The Afghani (Afghan currency) is in a state of meltdown – according to a foreign journalist one US Dollar is now getting over 8600 Afghanis (it was 86 a week back!). Foreign trade which is critical for the country has been severely disrupted. Investor confidence is non-existent. The aid money that was needed to run the state and provide services has been blocked. Businessmen and entrepreneurs are looking for the first opportunity to flee the country. Educated and talented people likewise. There is no money to pay salaries. Nor any money to provide civic services in big cities. And this is just the start.

Afghanistan’s economy is critically dependent on Western aid. The revenue generated by the Afghan state was only enough to cater for around 20% of its budget, mostly from customs collections. The rest of the money came from Western countries – around $4-5 billion. Another around $3-4 billion came for the Afghan National Defence and Security Forces (ANDSF) which no longer exists, unless someone now considers the Haqqani Network, elements of Al-Qaeda, Jaish, TTP, ETIM, etc. as the new ANDSF. Even if the money for the ANDSF is taken out of the equation, where will the rest of the $4-5 billion come from? Even the $2 billion of customs revenue is likely to fall quite precipitously because of the banking collapse and disruption in operations of international payments mechanisms.

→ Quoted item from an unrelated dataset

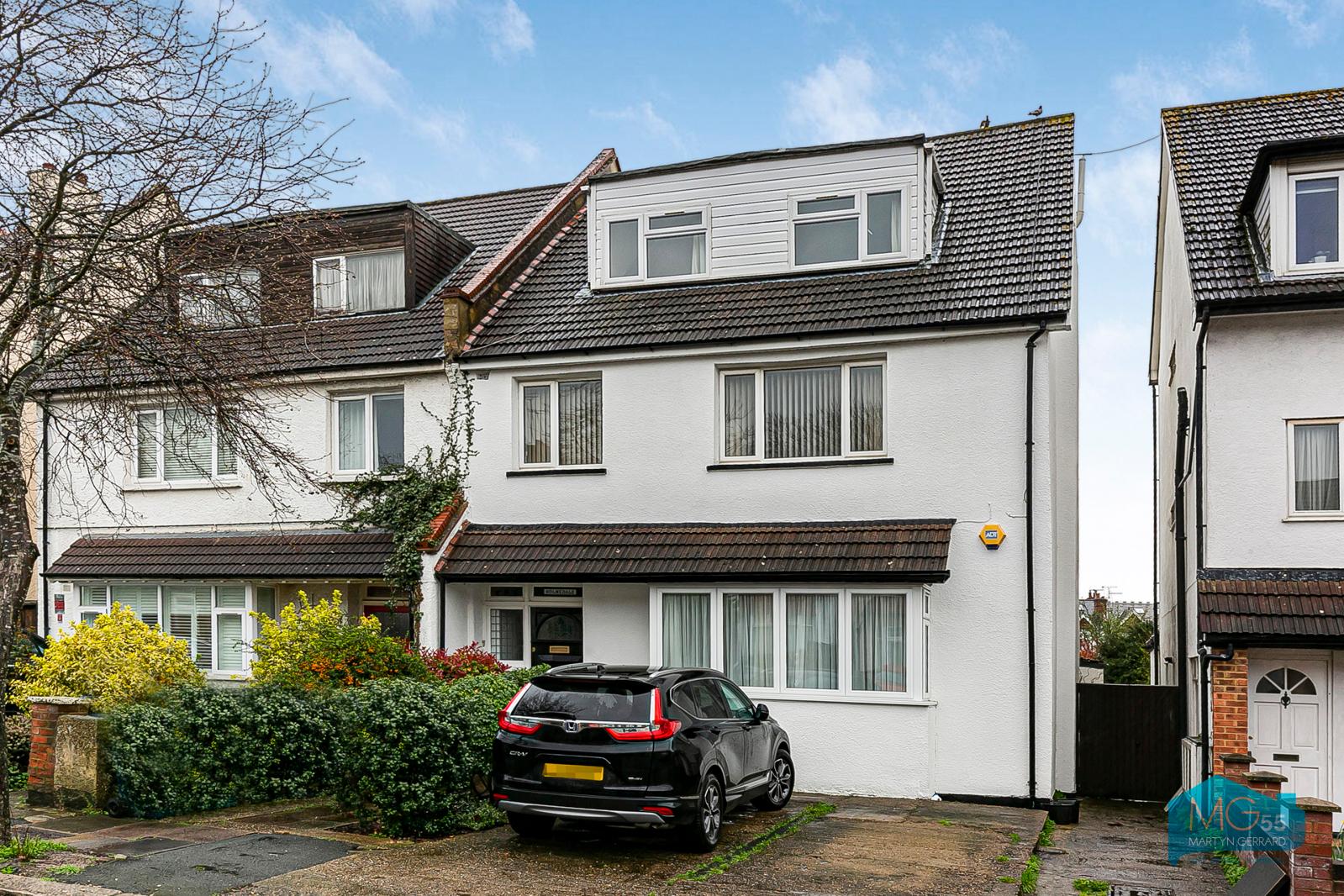 2 bedroom Apartment to rent - Martyn Gerrard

The Taliban revenue stream from narcotics, extortion, smuggling and other illegal activities was an estimated $1-1.5 billion. But these activities are fine to fund terrorism and insurgency, not to run a country. China and Pakistan (itself in an economic mess) will only throw crumbs to Taliban while focussing on exploiting Afghanistan for its BRI connection and vast mineral and rare earth resources. But all this can only be exploited once security situation and governance is stabilised. The simple fact of the matter is that Afghanistan is financially not a viable state, and Taliban can be tamed with this most powerful tool of the 21st Century.

China
It is a mixed bag with mixed feelings for China, who will see it as an opportunity with some trepidation. China may have been content with its adversary stuck in a “messy and costly morass,” as Zhou[i] describes America’s time in Afghanistan. And Beijing’s economic interests may not be totally secure under Taliban rule; the US presence did provide a modicum of security. China is unlikely to fill that security vacuum in a significant way, in line with its stated strategy of fostering noninterventionist relationships with its neighbours. China will work to quietly increasing its political and economic leverages, and make Pakistan to do the dirty work. It is ready to step into the void left by the hasty US retreat to seize a golden opportunity.

China issued a statement on Aug 20, 2021, saying that it “respects the right of the Afghan people to independently determine their own destiny” and will develop “friendly and cooperative relations with Afghanistan”. Beijing has few qualms about fostering a closer relationship with the Taliban and is ready to assert itself as the most influential outside player in an Afghanistan now all but abandoned by the US (there is a rising tide of protest within China in the social media). Beijing can offer what Kabul needs most: Political impartiality and economic investment.

Xi Jinping, President of China. (Photo: Reuters)
Xi Jinping, President of China. (Photo: Reuters)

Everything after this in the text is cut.